The levers available to reduce costs and improve quality in higher ed are all dependent, to some degree, on technology.
Increase the Number of Students: We can increase the number of students we admit each year without building new buildings, and increase the quality of learning all students receive as well. The key to growing our student body size, and increasing quality, is blended learning. Blended learning will allow us to better utilize our precious classroom and lab space, while simultaneously investing in course design and delivery. Blended learning will allow greater flexibility in class times, allowing current non-consumers to matriculate. Admitting more students, while holding down spending per pupil by increasing the utilization of high fixed costs investments (such as buildings), is the key to improved educational productivity (and lower tuition costs).
Improve Retention: The analytics revolution is upon us. We are at the point where we can, and should, be measuring, modeling and predicting student success based on data feeds from campus learning and student information systems. At-risk students can be identified early, and the efficacy of targeted interventions tracked.
Increase Applicants: Contributing to the open learning movement is more than just the right thing to do. Sharing the teaching and learning produced on campus with lifelong learners, and potential applicants, is simply good business sense. We do not need a top football or basketball team to attract national attention. Stanford is offering a free online course this fall on artificial intelligence, and so far over 120,000 people have signed up (not to mention all the amazing press coverage). Why can't every university follow this model?
Increase Alumni Giving: I have a theory that alumni giving will be directly proportional to the degree to which graduates can be integrated back into the campus experience. Courses built for blended learning have the advantage of being accessible from anywhere. What alumni would not want to have access to the course materials (lectures, readings etc.) and professors from their favorite courses? How many opportunities do we have to create mini-courses for alumni, also delivered in a blended format?

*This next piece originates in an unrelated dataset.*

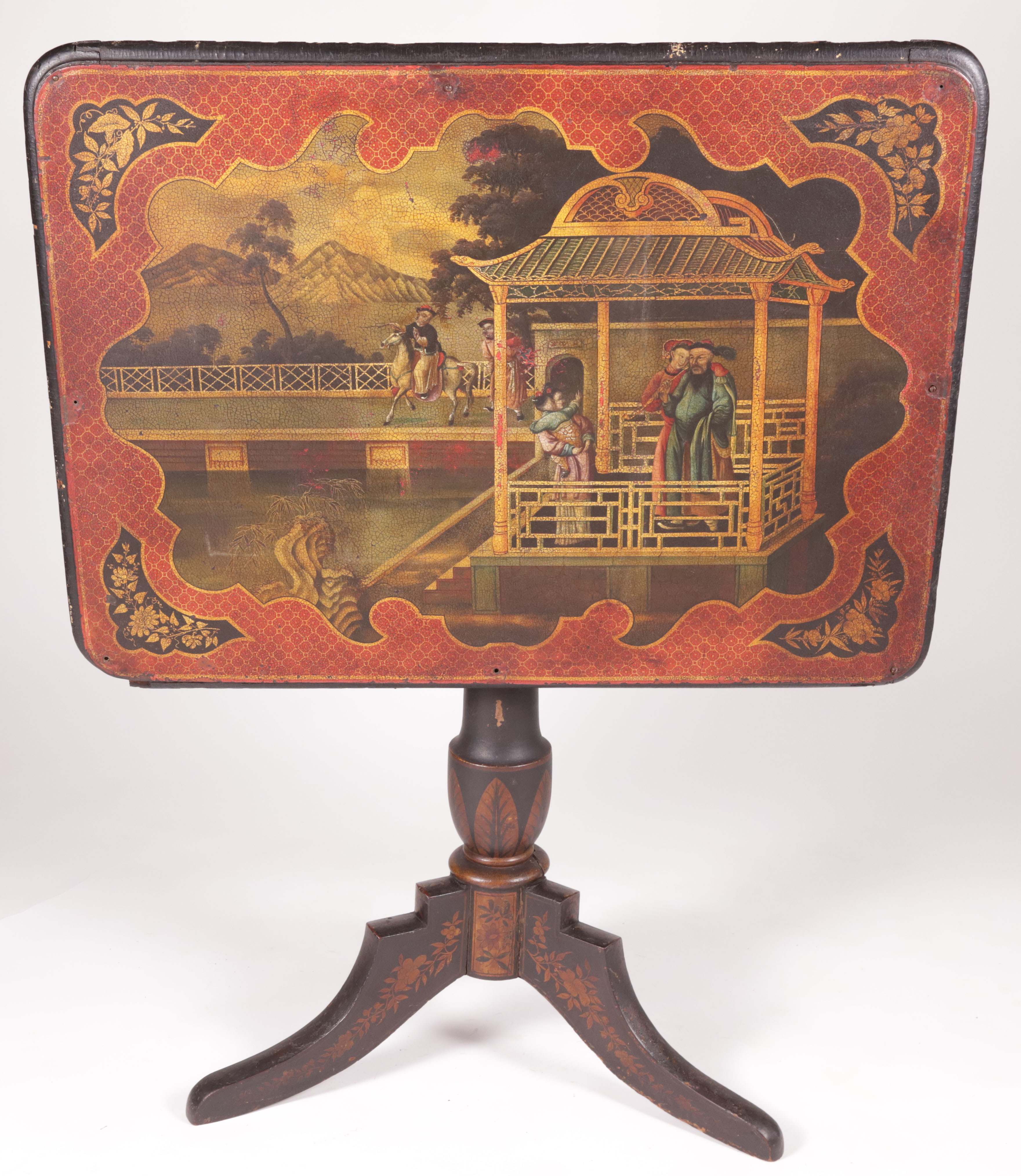 Chinoiserie Tilt Top Decorated Table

Grow Exports: The U.S. has the world's best system of higher ed. The rest of the world is massively under-served by postsecondary education. We can export our courses and degrees to highly motivated international students. Again, blended learning could allow much of this exported coursework to take place in the international students' home countries. They could come to the home campus for shorter time periods, and do much of the other work online.
The executive and academic leadership of every university should be asking the technology leader to submit detailed plans for increasing revenues, decreasing costs and improving quality. Campus technology leaders need to have a seat at the strategic table.
What would you add to this list?
When will it be common for the next university president to be recruited from a CIO position?